¡Soy la herida y el cuchillo!
¡La mejilla y la bofetada!
Soy los miembros y la rueda.
Soy el verdugo y la víctima.
Baudelaire
Hoy 8 de septiembre se cumple un año del asesinato de Jair Magallanes. En este país nos encantan los eufemismos y yo no quiero usarlos ahora, la denuncia indirecta no funciona: Jair no murió, no falleció, no fue recogido por el Señor, Jair fue asesinado. Es obvio que he de mencionar la tragedia que significa para mi familia esto, algo tal vez irrelevante para los que no pertenecen a este clan. También tal vez así son de irrelevantes los otros miles asesinatos que el narcotráfico ha realizado en este país, todas esas muertes están tan lejanas de nosotros porque no son el pan que nos alimenta cada día, porque no conocemos a esos asesinados, porque el narcotráfico aparece en el inconsciente colectivo como un ente que simplemente ahí está y del que podemos hablar sin conocerlo a fondo más que a través de horribles noticias lejanas.
Nosotros, el bajío del país, no conocemos al narco en realidad, eso no significa que no nos rodee, sólo no lo vivimos como en otros lugares que al final lo llevan tan pegado a ellos que lo consideran ordinario; la muerte constituye la materia de todos sus días. La narcocultura los invita a pertenecer a sus filas como algo inevitable, en un extremo u otro, víctima o victimario. A veces ya no importa si es verdad o ficción, el mito sangriento que nos hemos creado lo rodea con un halo de veneración antes que de miedo. Ahí están como muestra los narcocorridos o las marchas a favor de grandes mercenarios. Sustantivos como cártel, sicario y muerte se repiten hasta el paroxismo en las noticias. El espectáculo brilla hasta opacar la destrucción de la que todos somos víctimas en esto que no es solo un tema de estadísticas o metodologías.
Nos atrevemos a responsabilizar al sistema por no combatir eficazmente la expansión de las drogas mientras inhalamos dos líneas de coca o le damos el jalón al faso.

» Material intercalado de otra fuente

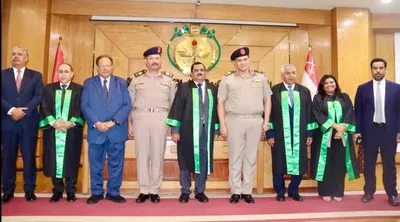 اخبار اليمن الان الداعري الدكتوراه الأكاديمية العسكرية المصرية اخبار اليمن الان الحدث اليوم عاجل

Odiamos a los homosexuales y los domingos cantamos que nos amemos todos como Él nos amó. Lamentamos el asesinato y violación de una bebé mientras el morbo nos incita a querer saber más. Por la mañana velamos a un conocido y salimos de fiesta esa noche porque el vivo al gozo. No somos contradictorios, pertenecemos al espectáculo.
Con profunda tristeza, me doy cuenta que Jair pertenece a otras estadísticas: 27 años, hijo, padre, esposo, hermano, maestro de escuela, talabartero y músico por mero gusto, jinete del Mango, su caballo, que como si de una canción ranchera se tratara le lloró en el funeral.
También mi primo hermano fue un episodio más de un periódico de nota roja, sigue siendo un expediente en la ministerial y por toda la vida será un dolor inmenso que inunda el corazón de los que lo conocimos.
Es difícil creer y entender que a personas como nosotros, de a pie, ordinarias, sin problemas con nadie nos tocara enfrentarnos a algo así. Nadie lo cree. Nadie está preparado. Nadie, después de un año, ha logrado la resignación. En un mundo tan sanguinario como este ha demostrado ser, nadie se quiere ver envuelto en el protagonismo del dolor.
Lo que parecía ser una denuncia al inicio de este texto, se ha vuelto un mero vehículo anecdótico y sentimental, no me arrepiento. Que sea un tributo a las familias que viven la tragedia del arrebato de un amado y que como pueden continúan su vida, ya no solo clamando justicia, sino rogando por paz.